Tuesday, February 3, 2009
South Middle School eighth grader lands interview with Little Rock Nine member
Mr. Randy Turner's eighth grade communication arts classes are researching the American Civil Rights Movement during the third quarter, and one student has gone above and beyond in collecting information for her project.
Karissa Dowell recently landed an e-mail interview with Terrence Roberts, one of the Little Rock Nine, the students who successfully integrated Central High School in Little Rock, Ark., in 1957.
The text of the letter is featured below:
1. What was the first day like for you at Central?
The first day was frightening and scary for the most part. Several students left class when I walked in saying they refused to go to school with niggers. I was on guard all day because many students pushed and shoved me around, and called me names.

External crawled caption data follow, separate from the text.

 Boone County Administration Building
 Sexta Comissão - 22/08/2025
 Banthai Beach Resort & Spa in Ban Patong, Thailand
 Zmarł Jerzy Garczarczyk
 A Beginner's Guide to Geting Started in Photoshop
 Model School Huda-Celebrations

2. What was it like in the classroom? How did teachers act or treat you?
The classrooms were scary places since the same kind of behavior mentioned above was present there as well. In the main, the teachers were not happy to see the nine of us. My English teacher asked me why I wanted to go to their school since I had a school of my own. A few teachers were supportive, and tried to make life easier for us by telling the white students not to bother us.
3. Were you able to make any white friends at Central?

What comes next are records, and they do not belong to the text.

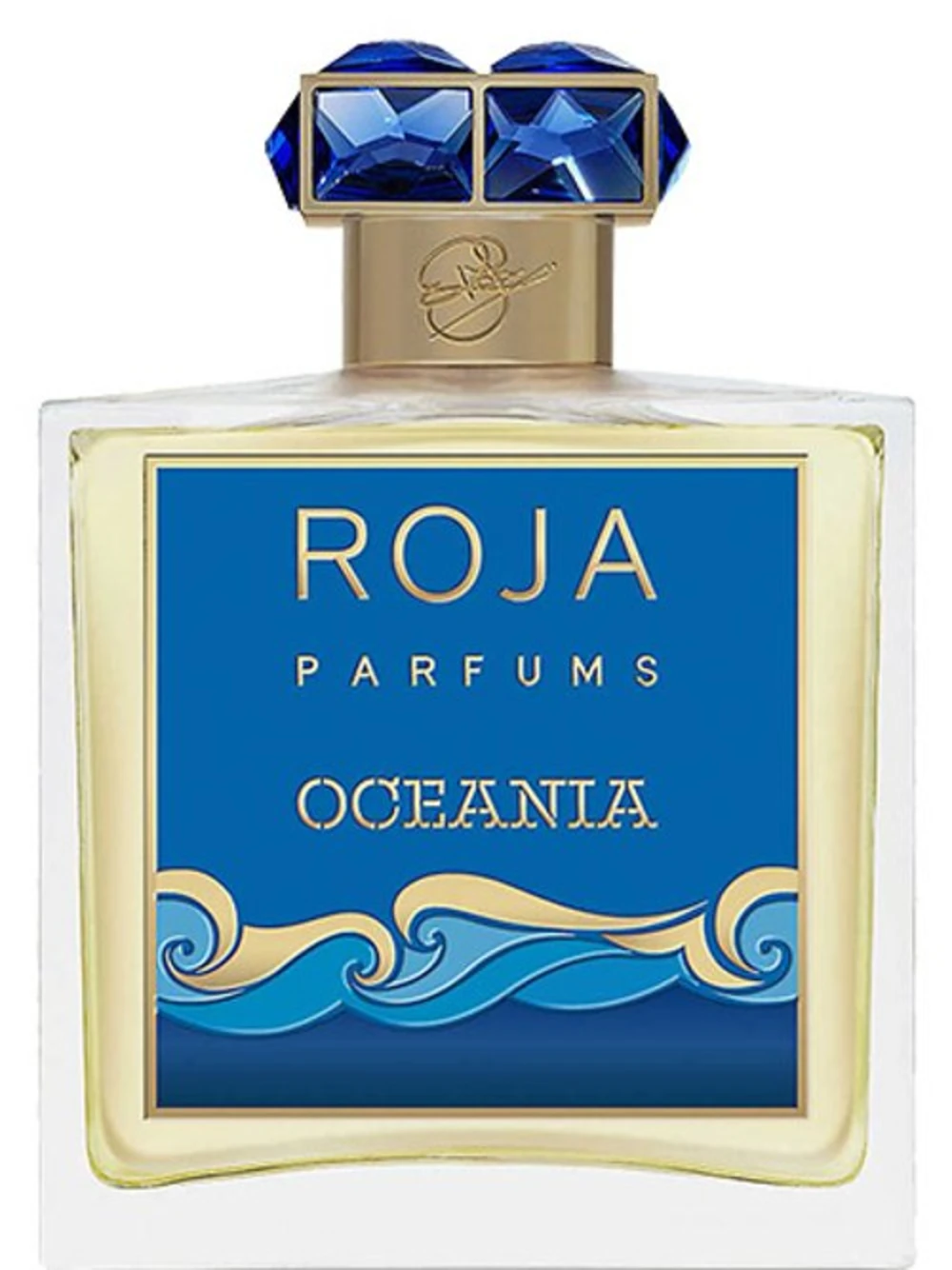Oceania Roja by Roja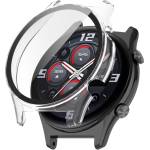 Techsuit Протектор за Honor Watch GS 3 + калъф - Defense360 Pro - Clear (KF2336500)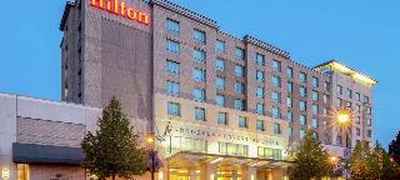 Hilton Vancouver Washington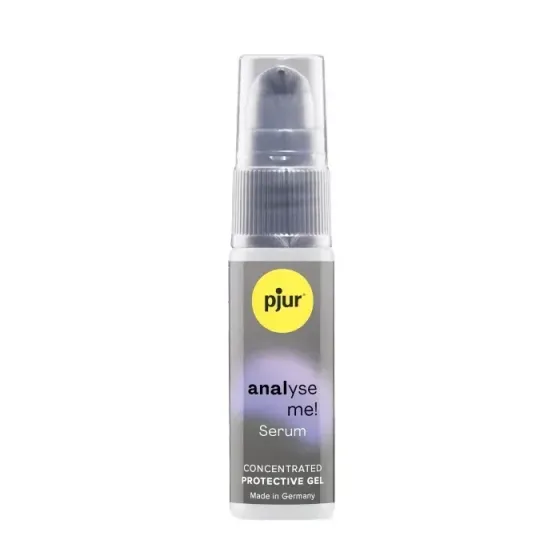 Розслаблюючий анальний гель Pjur Analyse Me! Serum, 20 мл Sex Aura Київ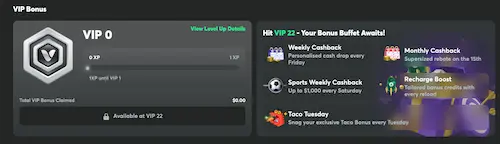 bc game vip bonus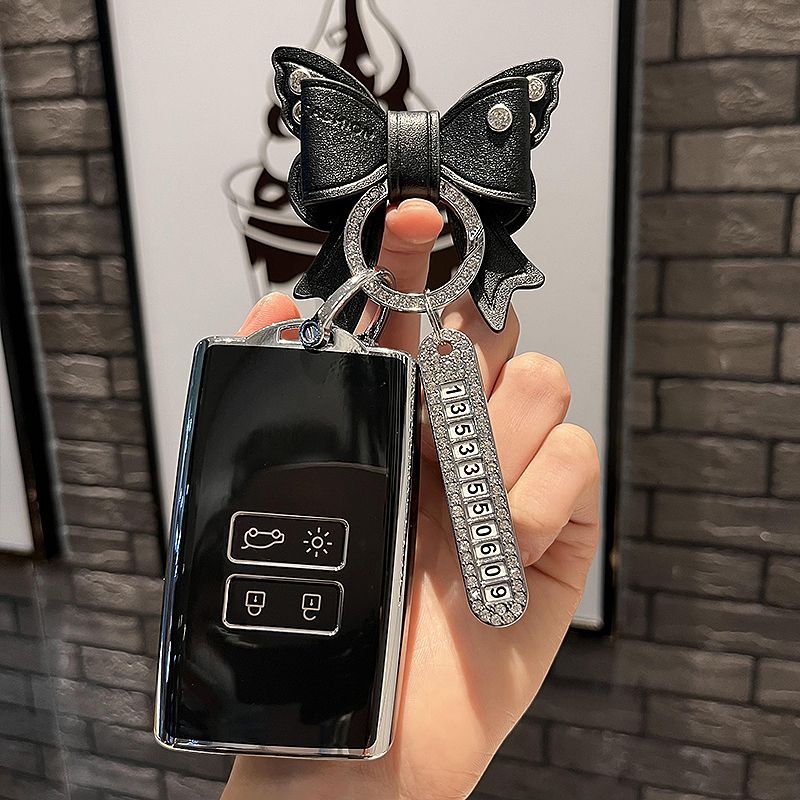 Funda para llave de coche Rena - Tech Accessories Renault reseña y precio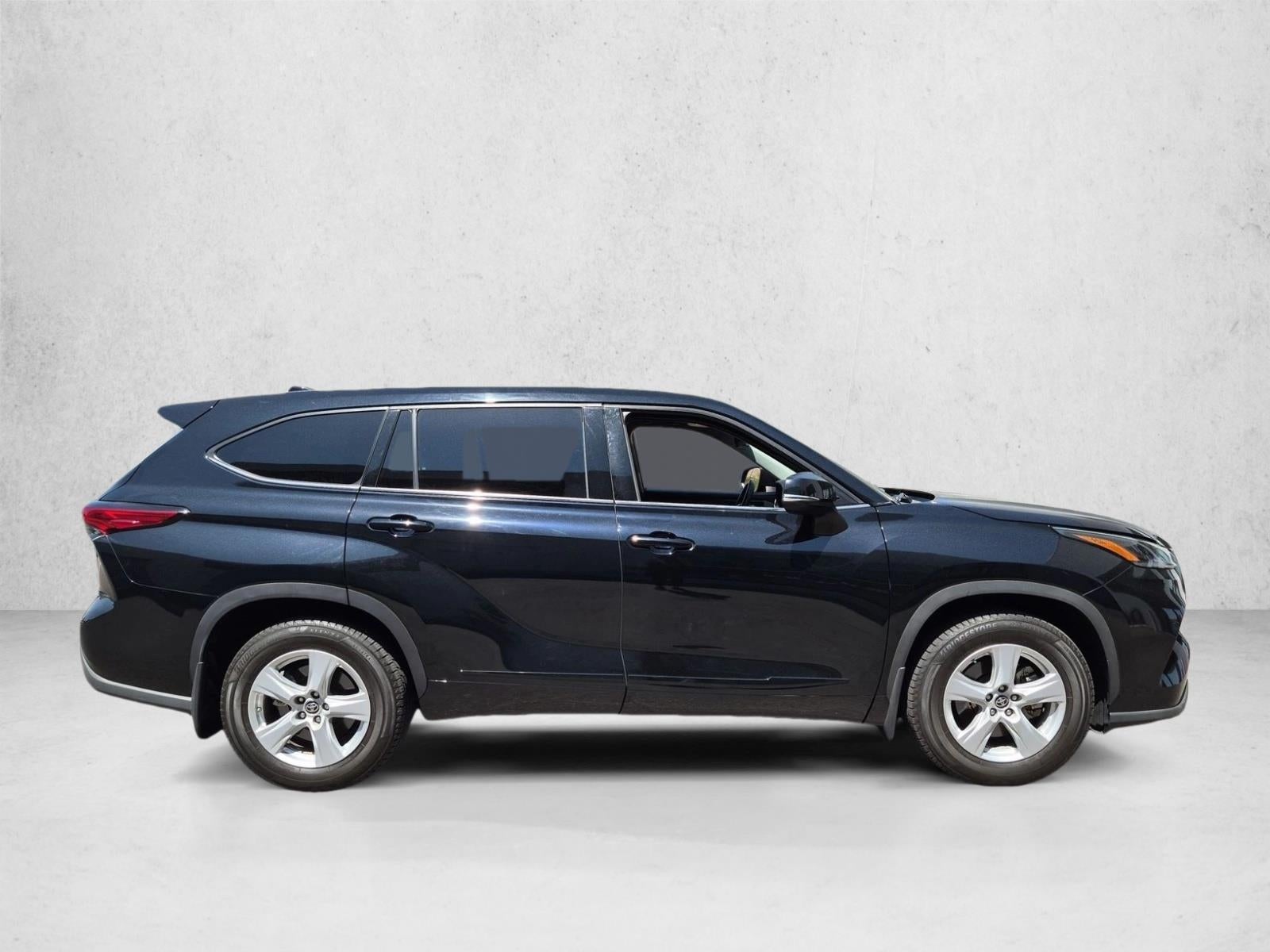 2021 Toyota Highlander L AWD (Natl)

Any white kid who tried to be our friend was immediately saddled with the label “nigger lover” and became a target for violence. Since the reward for being friendly toward us was to get beaten up, there were only a few students who chose to do so.

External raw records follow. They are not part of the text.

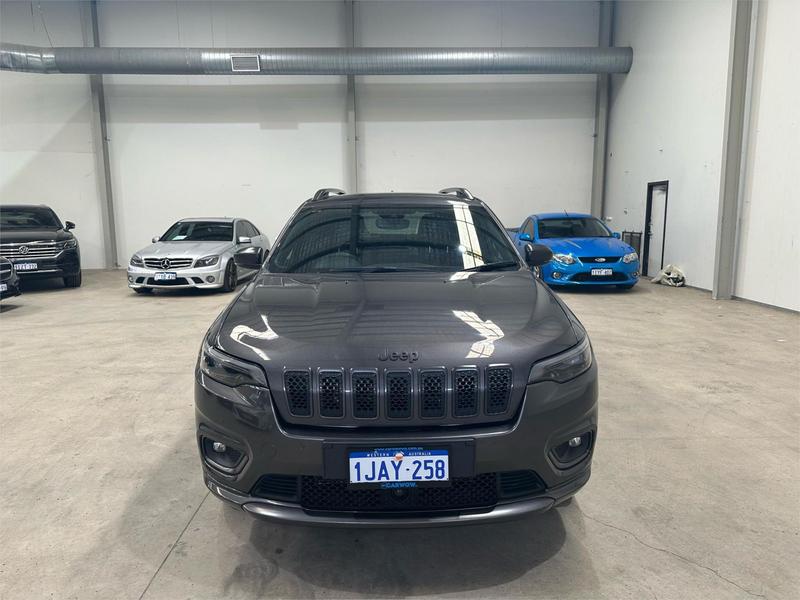 2021 Jeep Cherokee 80th Anniversary KL photo 2
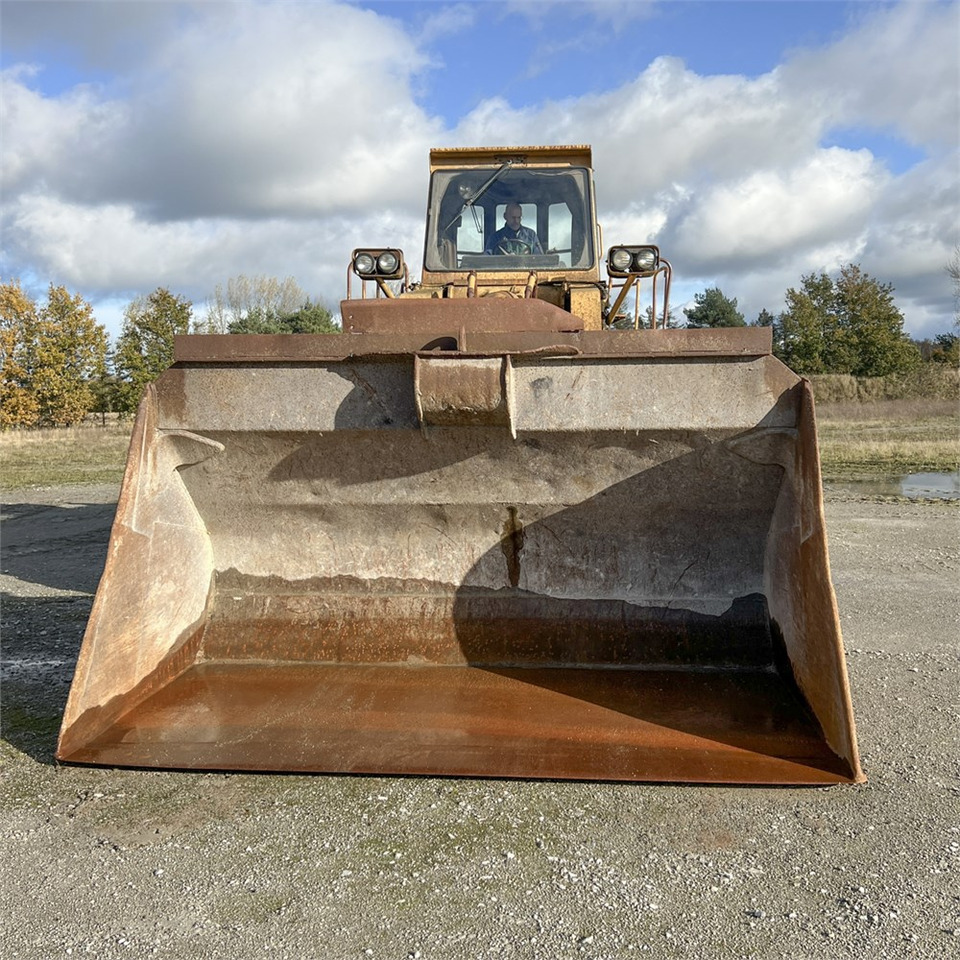 Dresser 560 B - Pala gommata: foto 4 Dresser 560 B - Pala gommata: foto 4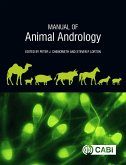Manual of Animal Andrology (eBook, ePUB)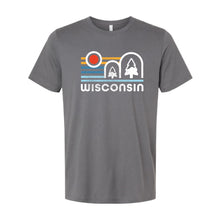 Load image into Gallery viewer, Vintage WI CVC Jersey Tee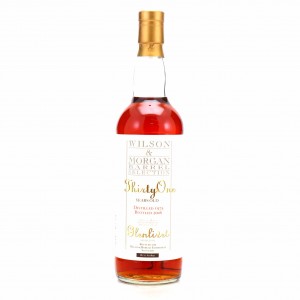 Glenlivet 1975 Wilson And Morgan 31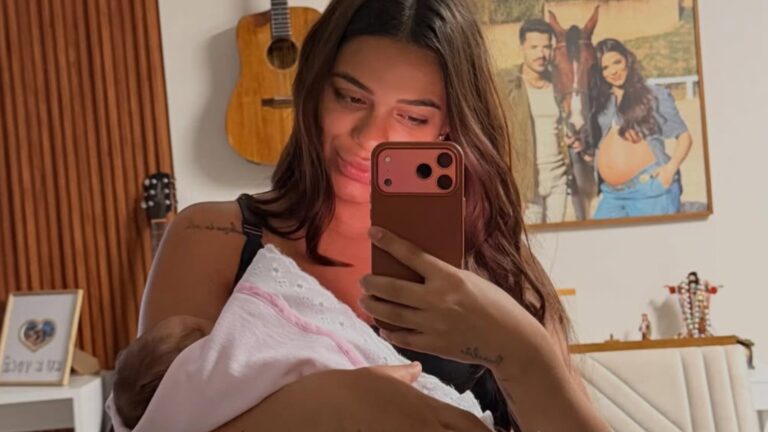 Médica expõe detalhe por trás do desabafo de Key Alves após o nascimento da filha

4. What did the people from your old school think when you were going to Central?
Now, while I don’t know the thoughts of every single person, I do know that many of my former schoolmates were very concerned about our welfare and wanted to help out in any way they could.
5. What was the overall opinion of white people before and after you entered Central?
Again, it is difficult to talk about the overall opinion since opinion varies so much. Perhaps it is best to say that the majority of white people were not in favor of desegregation.
6. Did you ever have to physically fight to defend yourself at Central because of your race?
We chose to adopt a philosophy of nonviolence so we purposely did not fight (in the main). One of our group, Minnijean Brown, was kicked out of school for fighting, so yes, there were such times.
7. Do you still keep in contact with the other members of the Little Rock Nine?
Yes. In fact, we are all Board Members of the Little Rock Nine Foundation which can be located on the web at: www. LittleRock9.com.
8. What was the biggest learning experience you gained from the events at Central?
The biggest thing was that people will go to great lengths to oppose changes that are not seen as favorable to them.
9. How long was it before the students started to get used to you?
Since the Governor closed all high schools in Little Rock during the next school year, there was not much opportunity for any of us, white or black, to get used to each other.
10. What is the state of affairs in relation to race relations today?
Unfortunately this country has chosen not to confront the issues of racism and for that reason we are still plagued by this virus, if you will. In order to combat racism, we must first admit that there is a problem; that part has yet to be accomplished. Indeed, there are many voices saying that racism has run its course and is no longer alive. The truth is, I fear, much different.
11. Who were your role models during that time?
My role models included anyone who made healthy life choices; I watched closely to see who in my world made such choices.
12. How did you find the courage to continue?
Part of the answer lies in the fact that I knew what we were doing was the right thing to do; you will be surprised to find how much you can accomplish when you know without doubt that your mission is righteous. Also, I knew as well that hundreds of people had died in the fight for justice before I even arrived on the scene. I could not disrespect their efforts by saying no to my opportunity to be involved in the same struggle.
13. Where did you go to escape the tension during that year?
Often I would retreat to the school library where the librarian maintained a rather strict environment; no nonsense was allowed. Also, since the nine of us had to sign an affidavit declaring that we would not engage in any extracurricular activities at Central, we could leave school after classes and escape the tension that way as well.